The main views of CICC are as follows:

The core business of fund management maintained steady growth.

The bank expects the company's fund management division revenue and EBITDA to achieve high single-digit year-on-year growth in 2023 (mainly due to the increase in 1H23 company's fund management scale). Construction commencement and completion in the second half of the year slowed down due to fluctuations in the macro environment. The annual level may have recorded a slight year-on-year decline, but the total volume is still relatively impressive. Furthermore, due to the company's sale of some of its listed assets, the revenue of the investment segment may decline year over year in 2023.

Increased financing costs and changes in fair value may be the main factors putting pressure on performance.

Affected by the high overseas interest rate environment, the bank expects the company's weighted average financing cost to rise further compared to 1H23 (5.6%) in the second half of 2023, and interest expenses for the whole year will increase year-on-year.

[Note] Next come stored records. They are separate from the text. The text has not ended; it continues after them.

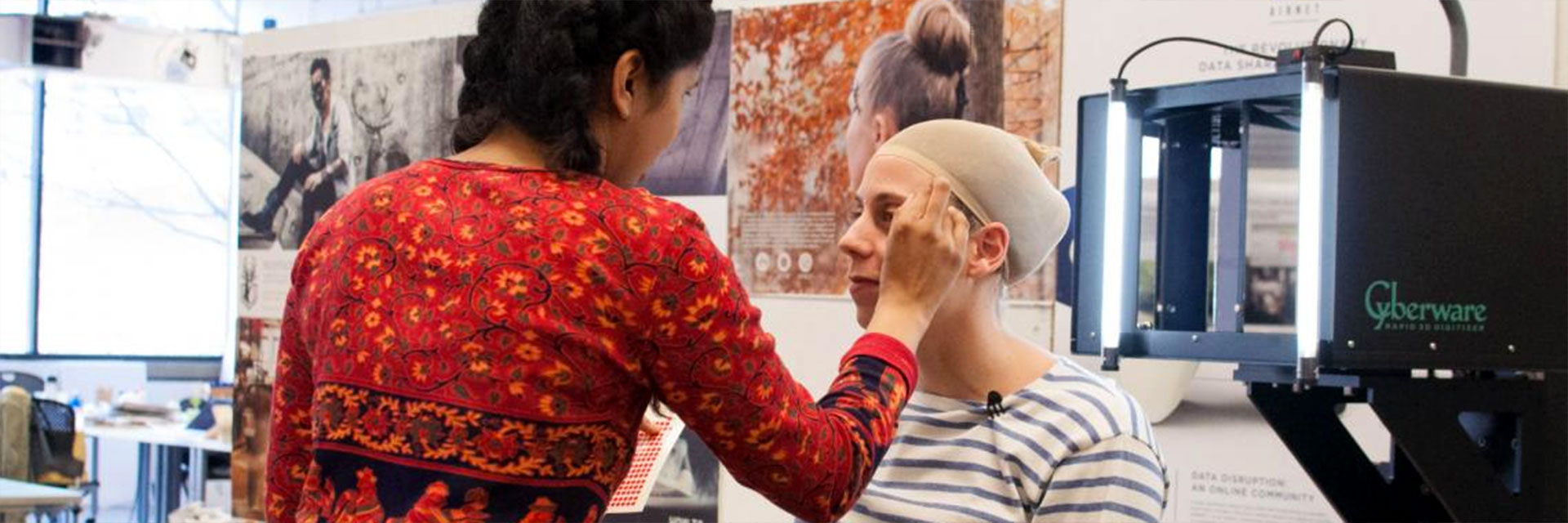A student prepares a fellow student's face for 3D scanning.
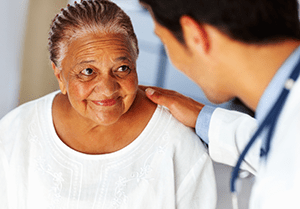 Elderly Woman with Therapist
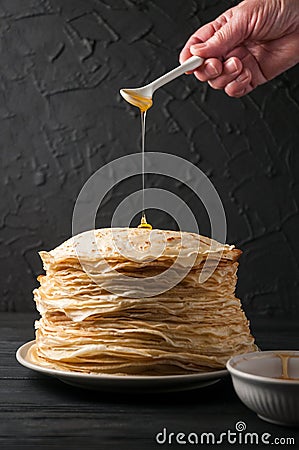 Homemade pancakes with honey and walnuts, vintage white plate, d Stock Photo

Furthermore, there was a marginal rise in the capitalization rate of commercial real estate around the world, leading to adjustments in asset valuations. Although some regions (such as Australia and South Korea) can hedge some of the pressure on asset prices through rising rents, the valuation of the overall asset portfolio is still under pressure.

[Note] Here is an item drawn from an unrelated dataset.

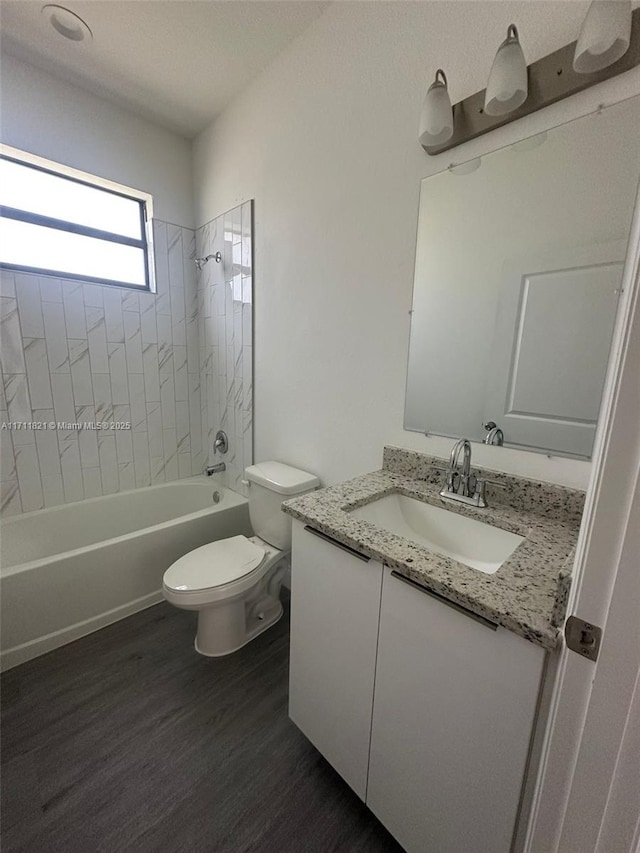 full bathroom with vanity, hardwood / wood-style floors, tiled shower / bath combo, and toilet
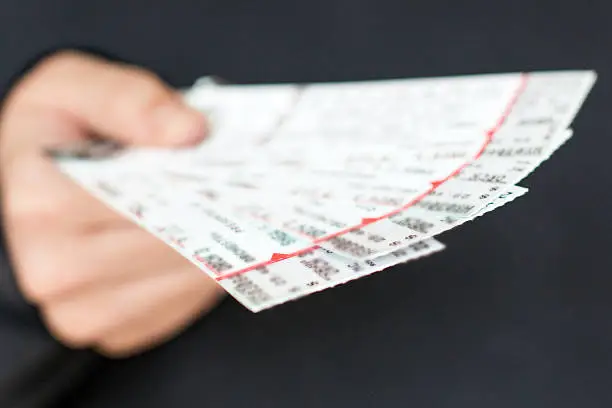 Tickets to a show / event in a hand with a black background.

Buybacks will provide some support for stock price performance in 2023.

According to the bank's statistics, the company's total repurchase amount in 2023 reached HK$1.7 billion (the number of repurchases reached 150 million copies). In 2024, the bank expects the company to continue to carry out repurchase activities depending on the situation.

Potential interest rate cuts in overseas markets may benefit the development of the company's business activities.

The rapid rise in interest rates in overseas markets since the second half of 2022 has caused a certain blockage to the real estate industry's business activities, and asset trading activity has declined significantly. In the future, the bank suggests focusing on potential interest rate cuts in overseas markets in 2024. In principle, the normalization and adjustment of interest rates may also be beneficial to ESR's operating activities and profit recovery statements.

risks

Real asset prices declined more than expected; financing costs continued to rise; exchange rate fluctuations exceeded expectations.

The translation is provided by third-party software.